Records from a data collection:
····················

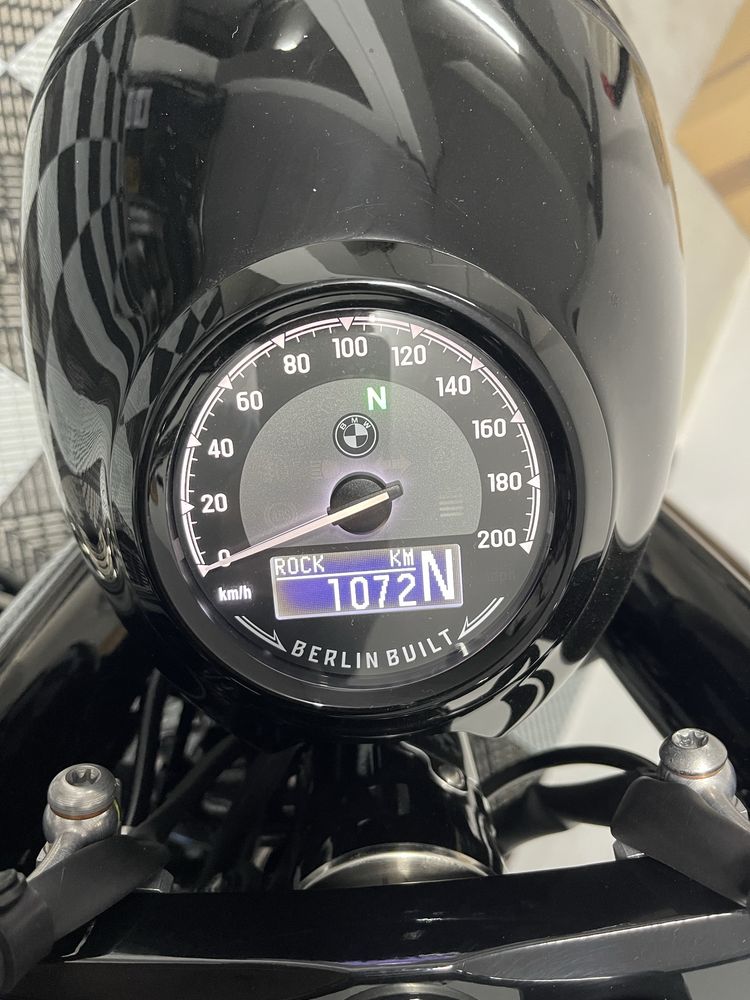 BMW R18 ROCTANE 2025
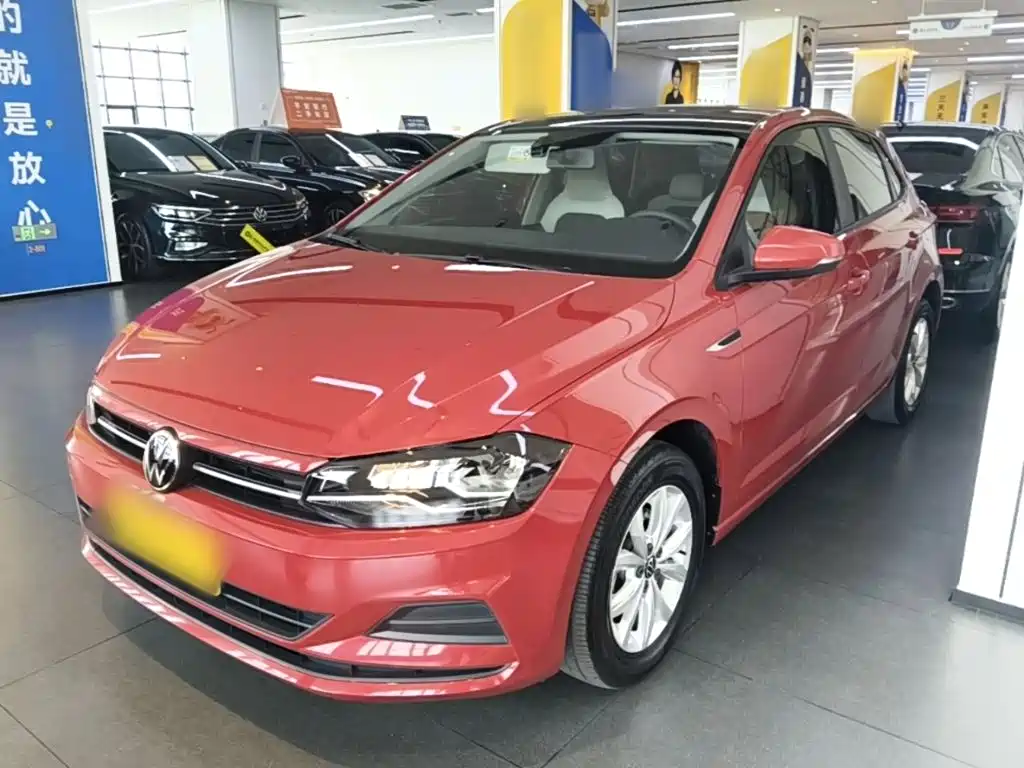 Volkswagen Polo — миниатюра 2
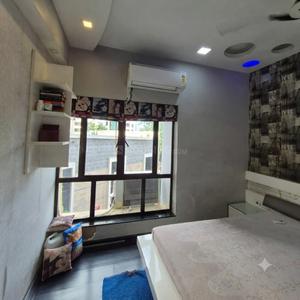 Bedroom Image of 2581 Sq.ft 3 BHK Apartment / Flat for sale in Active Acres, Tangra Kolkata for Rs. 21500000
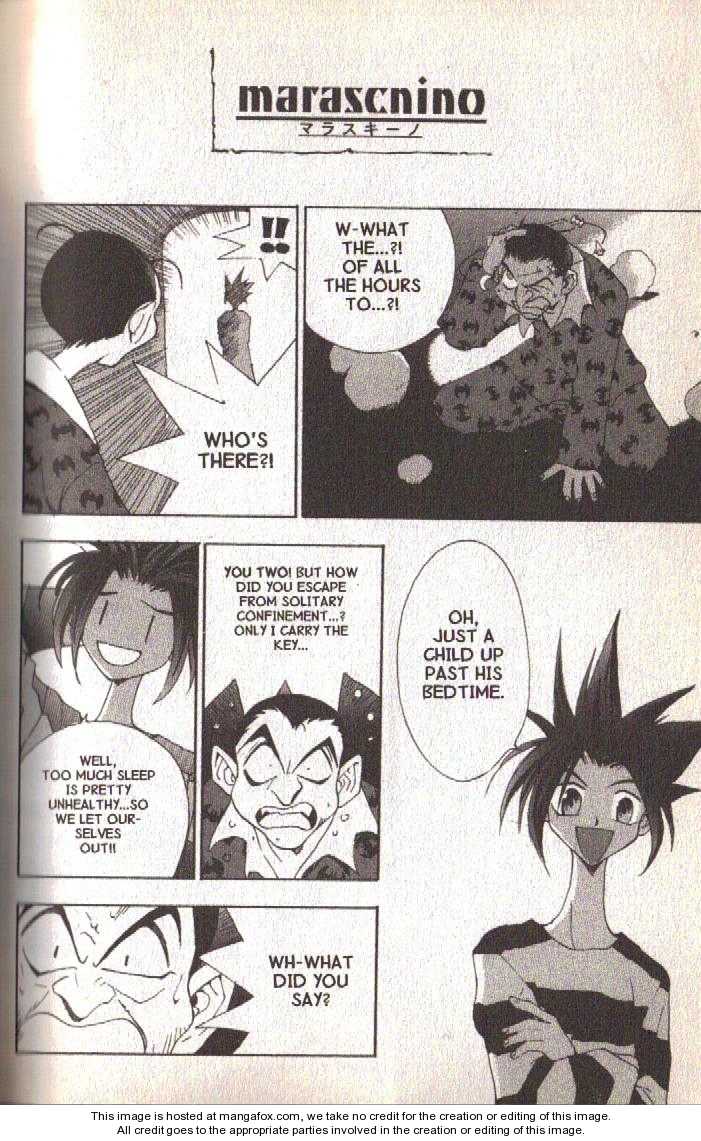 Read Jing King of Bandits Manga Online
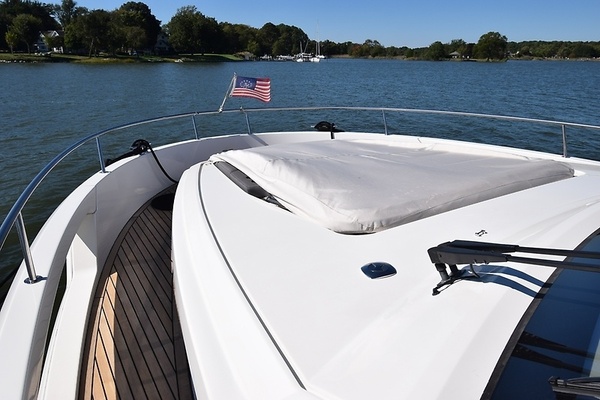 Libertad 45ft Greenline Yacht For Sale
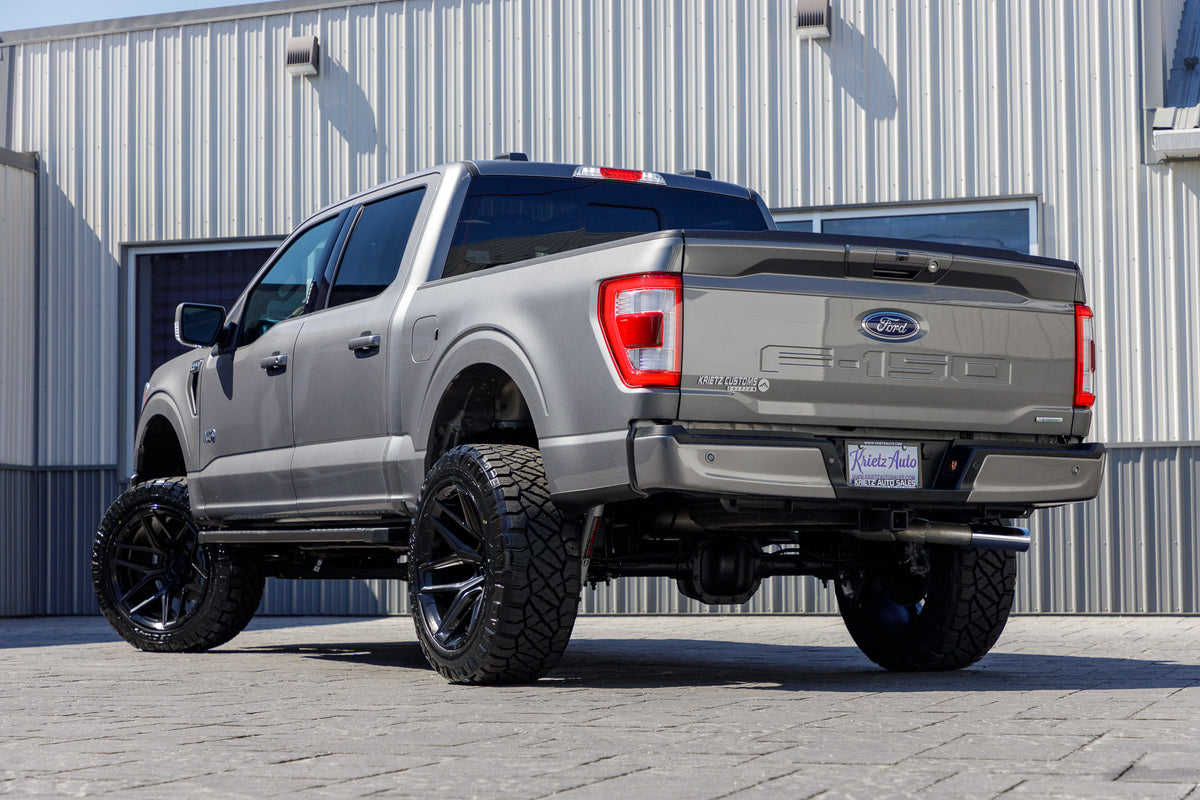 2022 Ford F-150 Lariat #NKD29868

····················

» **Task requirements**
Repeat, word for word, each of the records, omitting any image they hold.

» **Response area**
 BMW R18 ROCTANE 2025
 Volkswagen Polo — миниатюра 2
 Bedroom Image of 2581 Sq.ft 3 BHK Apartment / Flat for sale in Active Acres, Tangra Kolkata for Rs. 21500000
 Read Jing King of Bandits Manga Online
 Libertad 45ft Greenline Yacht For Sale
 2022 Ford F-150 Lariat #NKD29868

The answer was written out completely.